* _YOUR OBJECTIVE_:
What lines in the listing below hold the string "carpet"? Please copy them out.

*** RECORDS SUPPLIED Section Begins ***

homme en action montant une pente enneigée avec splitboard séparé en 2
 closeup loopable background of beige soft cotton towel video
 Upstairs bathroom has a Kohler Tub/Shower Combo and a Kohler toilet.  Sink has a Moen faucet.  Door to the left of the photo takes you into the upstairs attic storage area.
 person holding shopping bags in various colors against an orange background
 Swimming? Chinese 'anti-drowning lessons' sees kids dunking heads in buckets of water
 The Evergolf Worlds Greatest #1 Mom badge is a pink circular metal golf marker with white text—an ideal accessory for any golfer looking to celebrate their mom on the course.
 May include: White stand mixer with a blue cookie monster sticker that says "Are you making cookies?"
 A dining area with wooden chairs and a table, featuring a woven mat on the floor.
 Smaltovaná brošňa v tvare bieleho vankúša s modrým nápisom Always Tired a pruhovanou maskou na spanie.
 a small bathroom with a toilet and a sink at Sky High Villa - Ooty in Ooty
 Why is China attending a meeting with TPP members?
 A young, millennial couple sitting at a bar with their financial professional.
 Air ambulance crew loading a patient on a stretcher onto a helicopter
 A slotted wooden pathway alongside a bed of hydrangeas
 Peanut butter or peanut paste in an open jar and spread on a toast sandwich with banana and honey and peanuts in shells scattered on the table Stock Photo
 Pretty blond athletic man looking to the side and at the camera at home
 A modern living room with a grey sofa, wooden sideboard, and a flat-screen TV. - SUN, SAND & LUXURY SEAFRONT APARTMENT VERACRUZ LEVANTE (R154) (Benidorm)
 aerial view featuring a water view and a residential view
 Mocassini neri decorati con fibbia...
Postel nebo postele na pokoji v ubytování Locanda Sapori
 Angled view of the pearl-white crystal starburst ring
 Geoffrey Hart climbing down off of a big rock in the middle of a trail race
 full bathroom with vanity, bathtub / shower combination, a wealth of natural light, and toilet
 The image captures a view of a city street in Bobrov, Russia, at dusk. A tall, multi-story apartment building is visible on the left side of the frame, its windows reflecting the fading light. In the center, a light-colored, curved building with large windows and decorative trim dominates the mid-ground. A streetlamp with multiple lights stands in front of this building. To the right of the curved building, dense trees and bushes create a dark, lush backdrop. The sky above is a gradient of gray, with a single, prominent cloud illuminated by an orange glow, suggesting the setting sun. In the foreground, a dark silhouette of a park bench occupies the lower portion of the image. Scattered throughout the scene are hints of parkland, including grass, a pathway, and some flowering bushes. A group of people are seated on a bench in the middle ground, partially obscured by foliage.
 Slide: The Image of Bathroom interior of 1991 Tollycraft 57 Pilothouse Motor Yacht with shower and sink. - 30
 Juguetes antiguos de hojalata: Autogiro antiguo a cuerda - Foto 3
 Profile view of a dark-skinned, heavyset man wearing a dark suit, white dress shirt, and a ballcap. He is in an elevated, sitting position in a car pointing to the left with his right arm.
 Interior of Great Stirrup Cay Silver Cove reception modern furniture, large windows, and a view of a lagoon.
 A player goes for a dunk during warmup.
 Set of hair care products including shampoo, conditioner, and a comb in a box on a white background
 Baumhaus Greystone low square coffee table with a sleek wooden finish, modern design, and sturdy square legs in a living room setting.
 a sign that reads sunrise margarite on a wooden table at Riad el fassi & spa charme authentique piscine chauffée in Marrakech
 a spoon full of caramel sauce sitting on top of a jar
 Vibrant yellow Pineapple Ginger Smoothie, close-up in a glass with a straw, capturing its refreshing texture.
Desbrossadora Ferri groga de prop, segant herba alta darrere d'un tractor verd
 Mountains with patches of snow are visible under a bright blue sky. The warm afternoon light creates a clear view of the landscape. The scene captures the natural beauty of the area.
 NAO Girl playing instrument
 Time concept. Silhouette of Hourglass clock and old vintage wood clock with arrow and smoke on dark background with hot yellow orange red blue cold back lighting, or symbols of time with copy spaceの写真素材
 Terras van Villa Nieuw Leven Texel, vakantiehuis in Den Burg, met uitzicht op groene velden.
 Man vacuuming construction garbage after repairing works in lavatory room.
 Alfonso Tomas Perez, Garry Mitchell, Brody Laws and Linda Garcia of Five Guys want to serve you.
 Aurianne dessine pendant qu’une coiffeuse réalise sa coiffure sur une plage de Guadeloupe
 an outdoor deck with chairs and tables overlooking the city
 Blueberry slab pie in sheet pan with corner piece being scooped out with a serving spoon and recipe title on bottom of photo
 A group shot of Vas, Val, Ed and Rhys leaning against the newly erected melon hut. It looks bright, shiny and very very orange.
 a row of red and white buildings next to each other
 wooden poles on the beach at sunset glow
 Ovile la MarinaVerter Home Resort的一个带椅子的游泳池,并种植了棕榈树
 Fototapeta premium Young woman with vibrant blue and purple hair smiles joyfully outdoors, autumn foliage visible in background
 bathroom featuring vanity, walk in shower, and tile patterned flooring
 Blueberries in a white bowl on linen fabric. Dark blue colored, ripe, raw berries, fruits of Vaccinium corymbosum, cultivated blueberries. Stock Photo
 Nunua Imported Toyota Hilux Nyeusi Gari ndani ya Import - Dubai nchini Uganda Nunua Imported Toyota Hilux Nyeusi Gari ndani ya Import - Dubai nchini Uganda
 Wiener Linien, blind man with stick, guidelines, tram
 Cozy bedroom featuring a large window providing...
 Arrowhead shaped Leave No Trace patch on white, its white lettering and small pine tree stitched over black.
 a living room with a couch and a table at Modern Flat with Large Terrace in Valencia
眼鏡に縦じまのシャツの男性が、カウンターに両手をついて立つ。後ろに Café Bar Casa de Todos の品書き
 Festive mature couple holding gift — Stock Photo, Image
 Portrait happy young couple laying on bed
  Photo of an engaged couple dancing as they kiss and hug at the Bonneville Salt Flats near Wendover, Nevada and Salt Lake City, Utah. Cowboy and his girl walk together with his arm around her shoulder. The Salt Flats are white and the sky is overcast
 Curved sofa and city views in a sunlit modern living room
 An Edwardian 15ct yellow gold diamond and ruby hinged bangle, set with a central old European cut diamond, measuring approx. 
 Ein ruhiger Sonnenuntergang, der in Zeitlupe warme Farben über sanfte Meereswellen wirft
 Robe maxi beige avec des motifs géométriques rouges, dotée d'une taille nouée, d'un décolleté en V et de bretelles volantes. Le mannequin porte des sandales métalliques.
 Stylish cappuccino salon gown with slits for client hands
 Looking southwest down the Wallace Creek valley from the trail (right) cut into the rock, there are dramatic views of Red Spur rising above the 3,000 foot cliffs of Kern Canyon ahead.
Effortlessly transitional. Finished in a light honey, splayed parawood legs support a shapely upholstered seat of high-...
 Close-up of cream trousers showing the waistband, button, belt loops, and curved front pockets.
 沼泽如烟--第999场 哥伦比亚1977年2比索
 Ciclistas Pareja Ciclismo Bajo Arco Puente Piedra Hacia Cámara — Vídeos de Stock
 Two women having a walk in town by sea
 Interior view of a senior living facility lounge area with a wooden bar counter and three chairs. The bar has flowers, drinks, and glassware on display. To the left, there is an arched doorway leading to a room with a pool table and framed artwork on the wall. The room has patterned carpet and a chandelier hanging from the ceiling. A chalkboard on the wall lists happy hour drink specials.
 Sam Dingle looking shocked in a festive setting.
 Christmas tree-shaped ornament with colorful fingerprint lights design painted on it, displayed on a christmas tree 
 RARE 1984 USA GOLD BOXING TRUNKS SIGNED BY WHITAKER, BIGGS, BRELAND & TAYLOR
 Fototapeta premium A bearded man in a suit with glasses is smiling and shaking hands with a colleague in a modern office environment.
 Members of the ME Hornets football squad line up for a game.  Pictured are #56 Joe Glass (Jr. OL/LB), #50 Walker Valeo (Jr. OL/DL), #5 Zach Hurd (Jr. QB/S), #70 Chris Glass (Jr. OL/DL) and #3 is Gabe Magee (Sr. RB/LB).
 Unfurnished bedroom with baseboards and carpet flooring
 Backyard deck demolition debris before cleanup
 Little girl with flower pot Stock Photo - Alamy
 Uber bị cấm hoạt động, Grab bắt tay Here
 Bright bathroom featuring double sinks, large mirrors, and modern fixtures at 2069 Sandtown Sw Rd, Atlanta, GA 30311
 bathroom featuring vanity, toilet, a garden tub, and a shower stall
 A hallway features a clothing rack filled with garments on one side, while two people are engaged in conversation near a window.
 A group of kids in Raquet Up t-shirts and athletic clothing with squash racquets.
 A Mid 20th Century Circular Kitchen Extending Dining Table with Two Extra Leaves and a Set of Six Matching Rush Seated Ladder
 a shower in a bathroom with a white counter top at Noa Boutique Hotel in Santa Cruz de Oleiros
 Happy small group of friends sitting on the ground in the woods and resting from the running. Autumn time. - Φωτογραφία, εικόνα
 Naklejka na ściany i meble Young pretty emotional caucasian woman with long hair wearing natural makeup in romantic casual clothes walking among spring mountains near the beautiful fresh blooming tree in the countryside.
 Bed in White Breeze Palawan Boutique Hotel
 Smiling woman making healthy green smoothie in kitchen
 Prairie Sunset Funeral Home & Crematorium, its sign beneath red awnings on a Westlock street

*** RECORDS SUPPLIED Section Ends ***

* _TASK SOLUTION_:
 Interior view of a senior living facility lounge area with a wooden bar counter and three chairs. The bar has flowers, drinks, and glassware on display. To the left, there is an arched doorway leading to a room with a pool table and framed artwork on the wall. The room has patterned carpet and a chandelier hanging from the ceiling. A chalkboard on the wall lists happy hour drink specials.
 Unfurnished bedroom with baseboards and carpet flooring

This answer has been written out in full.